Music and Art

A recent thread on a guitar message board equated cover band musicians with “technicians” and those that composed their own material as “artists.” This dichotomy is entirely flawed. Whether one performs the work of another or writes one’s own material, either way, you are a musician. Being a musician in no way guarantees, however, that you are an “artist” -- in fact, in our world, there’s almost no chance you are both a musician and an real artist. To believe that one is creating “art” while one chugs away on a guitar, stringing together chords and notes, and calling it “art” is like calling “Lady Ga Ga” an “artist” instead of corporate commodity.

As I have said in an earlier article, art is inherently transgressive and boundary shattering -- it is simultaneously world-destroying and world-creating. Art is ‘negative’ in that it strips away particularity and delves into universality, or, conversely, suspends the universal in favor of wallowing in the contingency of the existent -- oscillations from one polarity to another.

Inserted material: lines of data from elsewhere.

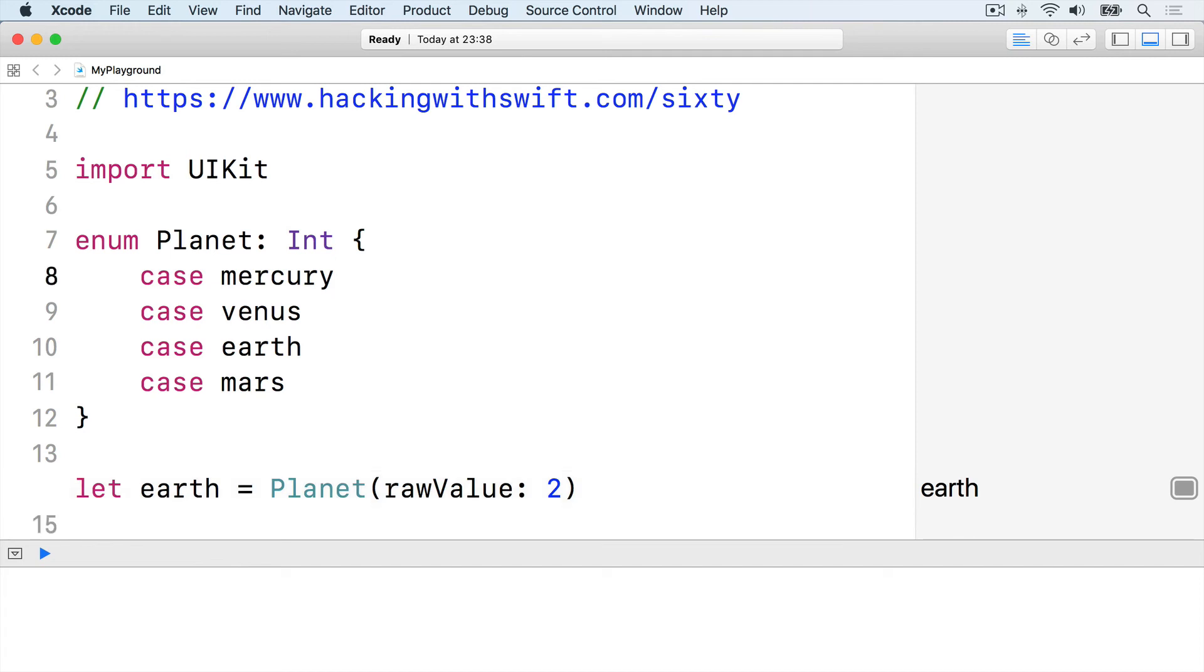It's not very natural for us to think of Earth as the second planet, so you could write this instead: case Mercury equals 1.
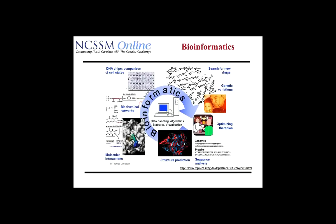Computational biology is also known as bioinformatics, so the two terms are used reasonably interchangeably. There'll be some people who differentiate computational biology from bioinformatics, but most people use those two terms interchangeably. If you look in the middle of the graphic, the main idea is that there's a lot of data out there about biology — particularly genetics data, data about DNA — and we use a variety of mathematical methods or algorithms, statistics, and a lot of data visualization to try to understand what's happening in a biological system.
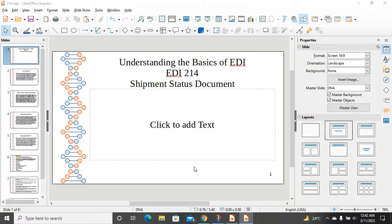Today we start understanding the EDI 214 transaction set, which is a shipment status document. Based on the Accredited Standards Committee ASC X12 format, the EDI 214 can be used by a transportation carrier to provide shippers, consignees, and their agents the status of shipment dates, times, and locations. It is therefore a status document that provides information on where a physical shipment is at any given time.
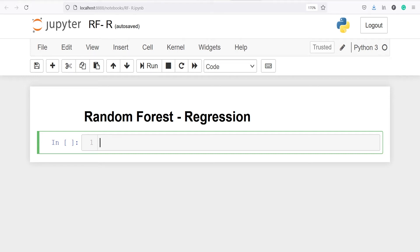In this video you will learn about the random forest algorithm for a regression problem. We will work on a bike rentals dataset. The goal is to predict how many bikes would be rented per hour.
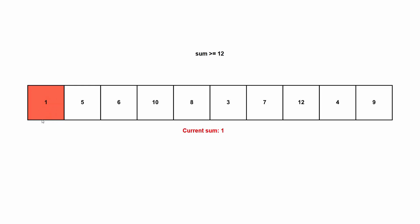So in this case, our subarray is just one and it's not filling the condition. So we're going to try increasing it here to the right. So we're going to include five. We're still not filling the conditions. So we're going to include six here. And now we are actually filling the condition.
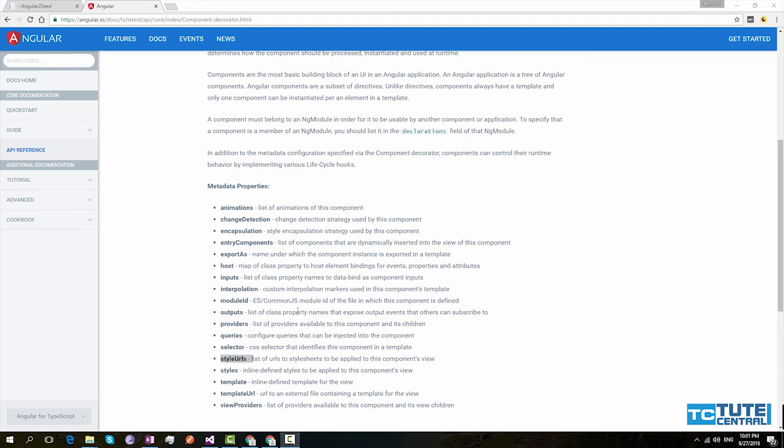I will also use other metadata properties in our future tutorial. So don't forget to subscribe to my channel. If you like this video don't forget to like and share with your friends and communities you know. I hope this helps you to understand Angular component. And if you have any question don't forget to comment. Thank you very much for watching this video.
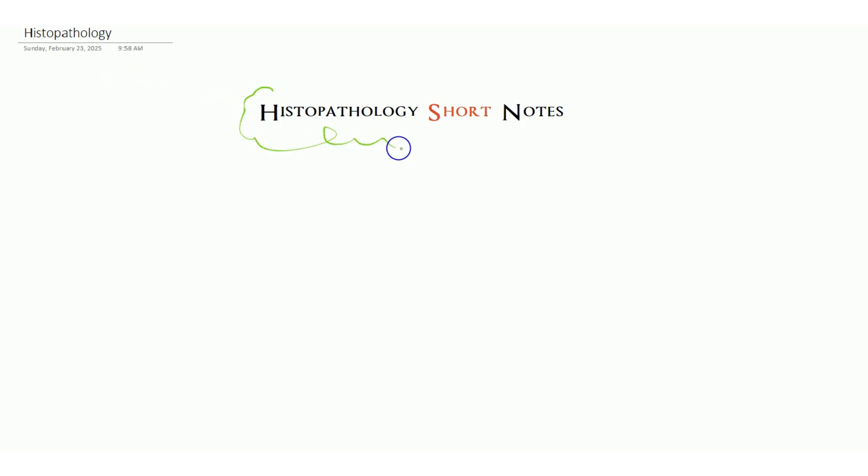Welcome guys, today we are going through histopathology short notes. We are going through a series of MCRE, but this is not only for MCRE. Some people are asking for this exam or that exam, so this is not for a particular exam. You can use it for every medical lab technology exam. This is very useful for all of you in all your exams.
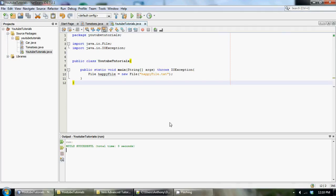What's going on YouTube, it's Anthony from CompSize Studio and welcome back to your 12th advanced tutorial in Java. Finally we're going to be learning how to read data in from a file that's already created.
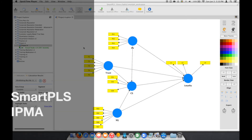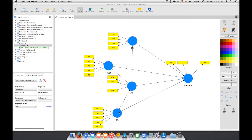We already have our model, and all these variables are actually the determinants of loyalty. You can see some of the relationships are significant and some are not. However, if we have several variables that are significant to loyalty, how do we know which one is more important than the others?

The result of ‘successful’ art, assuming it is not just incompetent musicianship hiding behind the rubric of ‘art’, is the confrontation and clash of reality and counter-reality. Art should produce a profound ‘negative’ physiological and psychological reaction on the part of the ‘viewer’ or ‘listener.’ Even boredom can fit here. There's got to be something 'wrong' with it in order to be 'right.' If it falls short of this then it is just an aesthetic hobby or musical product -- or just annoying.

Under this criteria there would be more art in throwing an electric guitar down a flight of stairs than all the notes and chords churned out by 99% of the guitarists waxing philosophically on their message boards. On the bright side, there’s nothing wrong with being a musician and making music -- but let’s not insult the art concept, let's just throw your guitar down a flight of stairs.